> _TASK TO CARRY OUT_
Wherever the word "white" occurs in the listing below, copy that whole line.

------ MATERIAL PROVIDED

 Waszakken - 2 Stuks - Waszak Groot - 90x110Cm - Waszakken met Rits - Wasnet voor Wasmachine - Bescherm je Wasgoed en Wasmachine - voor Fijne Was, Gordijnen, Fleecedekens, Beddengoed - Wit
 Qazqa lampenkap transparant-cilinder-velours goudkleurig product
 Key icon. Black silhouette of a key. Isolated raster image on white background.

------------
------ MATERIAL PROVIDED

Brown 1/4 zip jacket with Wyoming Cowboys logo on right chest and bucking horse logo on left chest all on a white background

------------

> _REPLY_
 Key icon. Black silhouette of a key. Isolated raster image on white background.
Brown 1/4 zip jacket with Wyoming Cowboys logo on right chest and bucking horse logo on left chest all on a white background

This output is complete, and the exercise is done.